• **TASK OBJECTIVE**
Your copy starts at the line containing "map of restaurants, bars, coffee" and ends at the last line of the material below. Reproduce those lines exactly, with no pictures.

• **SOURCE MATERIAL**
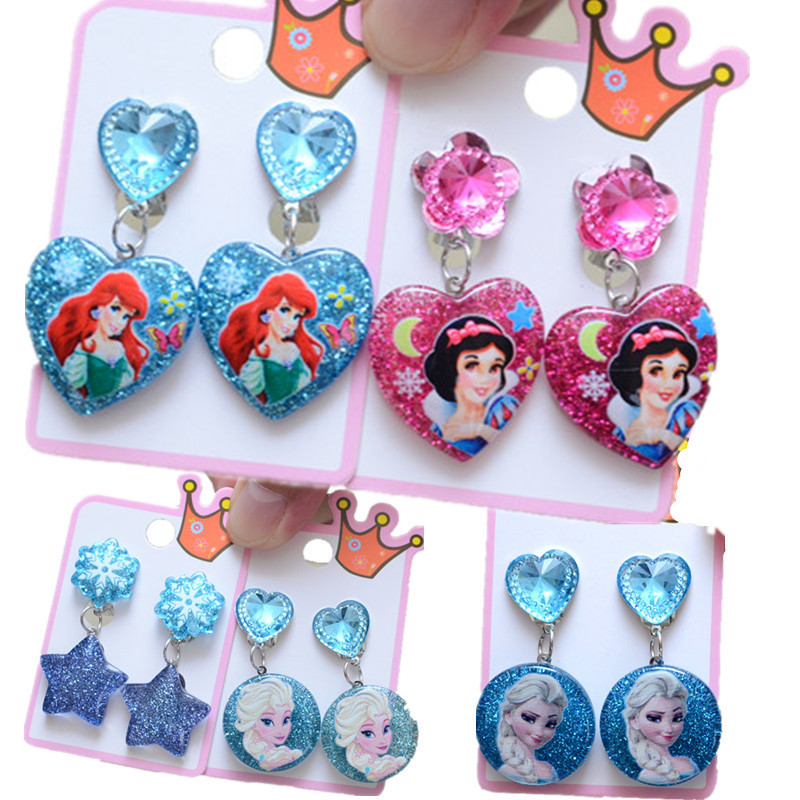 ต่างหูการ์ตูนดิสนีย์ Elsa Anna Frozen Princess Series อุปกรณ์เครื่องประดับคลิปหู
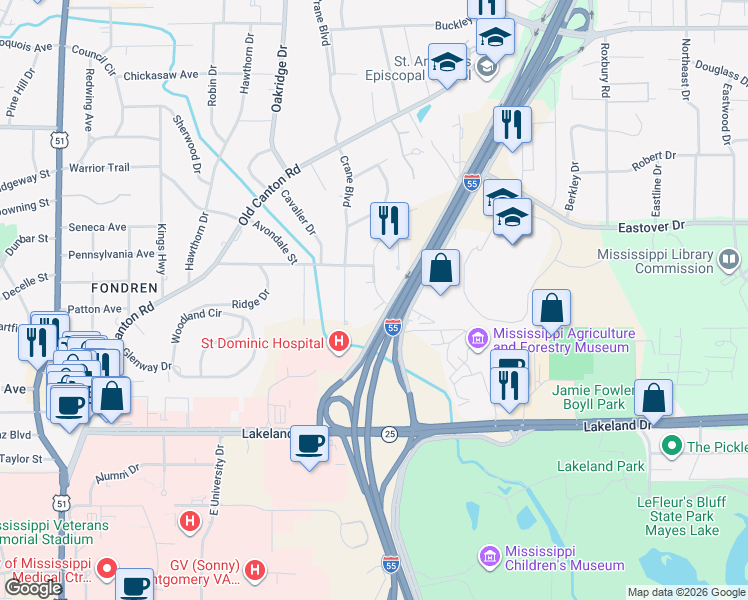 map of restaurants, bars, coffee shops, grocery stores, and more near 3727 Montrose Circle in Jackson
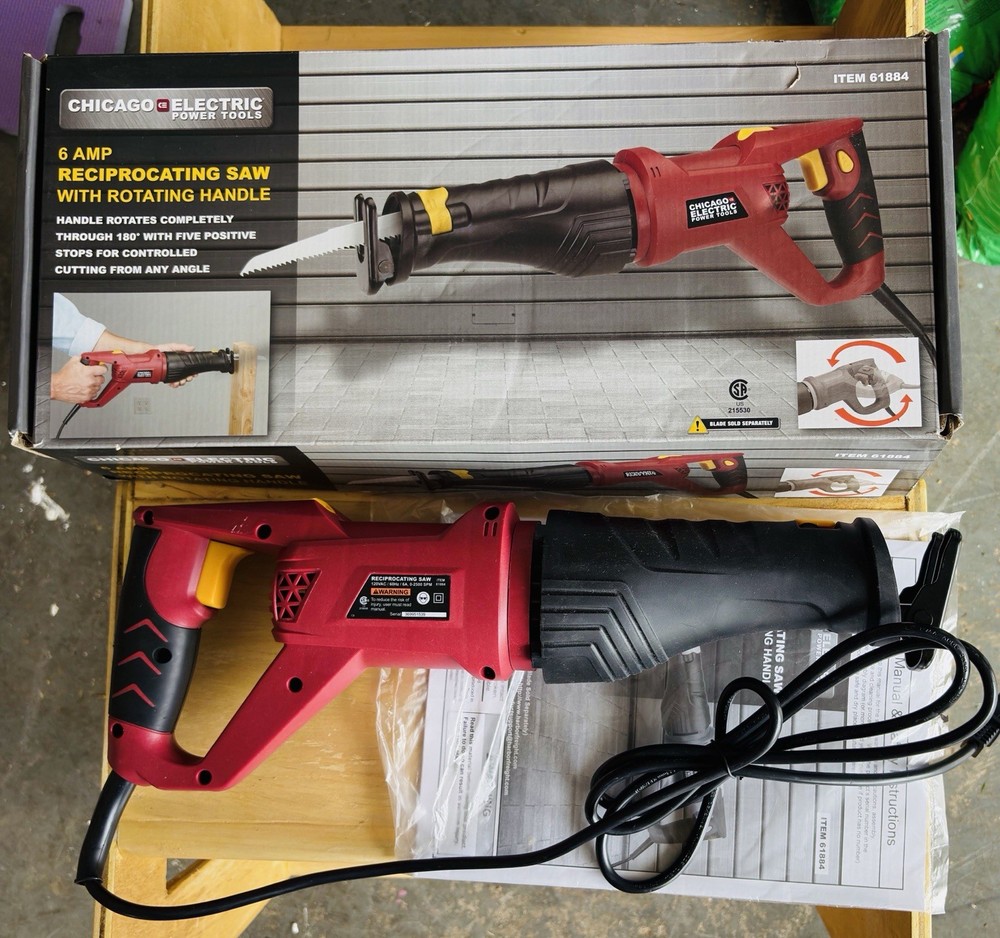 Chicago Electric 6 Amp Reciprocating Saw, Variable Speed Power Tool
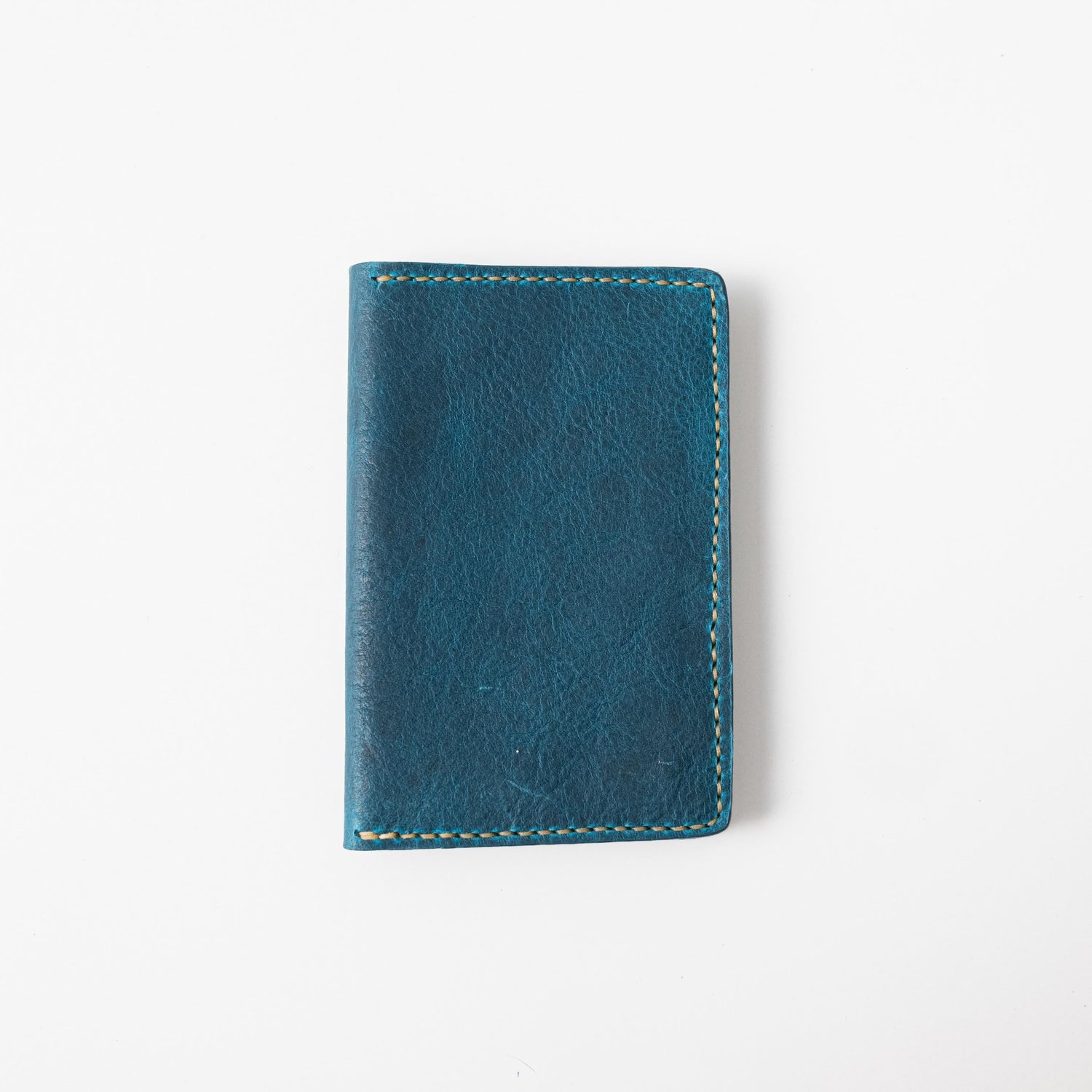 Petrol Blue Bison Notebook Wallet- leather notebook cover - passport holder - KMM &amp; Co.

• **TASK RESPONSE**
 map of restaurants, bars, coffee shops, grocery stores, and more near 3727 Montrose Circle in Jackson
 Chicago Electric 6 Amp Reciprocating Saw, Variable Speed Power Tool
 Petrol Blue Bison Notebook Wallet- leather notebook cover - passport holder - KMM &amp; Co.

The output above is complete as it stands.